Whenever a line carries the word "Trailer", pull it out of the entries.

* Records supplied *
--- START ---

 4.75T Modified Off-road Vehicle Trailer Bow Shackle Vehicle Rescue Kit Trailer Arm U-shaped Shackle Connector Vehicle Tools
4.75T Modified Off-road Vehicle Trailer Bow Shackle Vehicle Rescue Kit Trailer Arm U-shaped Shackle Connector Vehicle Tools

--- END ---
--- START ---

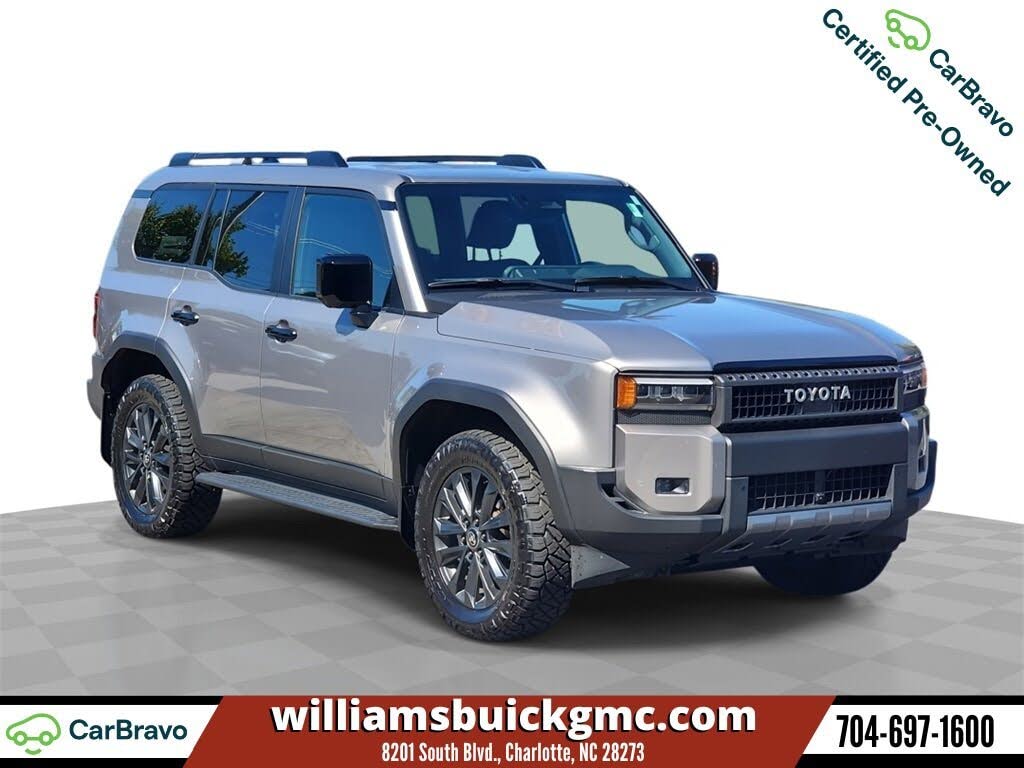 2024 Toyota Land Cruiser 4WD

--- END ---

* Expected answer *
 4.75T Modified Off-road Vehicle Trailer Bow Shackle Vehicle Rescue Kit Trailer Arm U-shaped Shackle Connector Vehicle Tools
4.75T Modified Off-road Vehicle Trailer Bow Shackle Vehicle Rescue Kit Trailer Arm U-shaped Shackle Connector Vehicle Tools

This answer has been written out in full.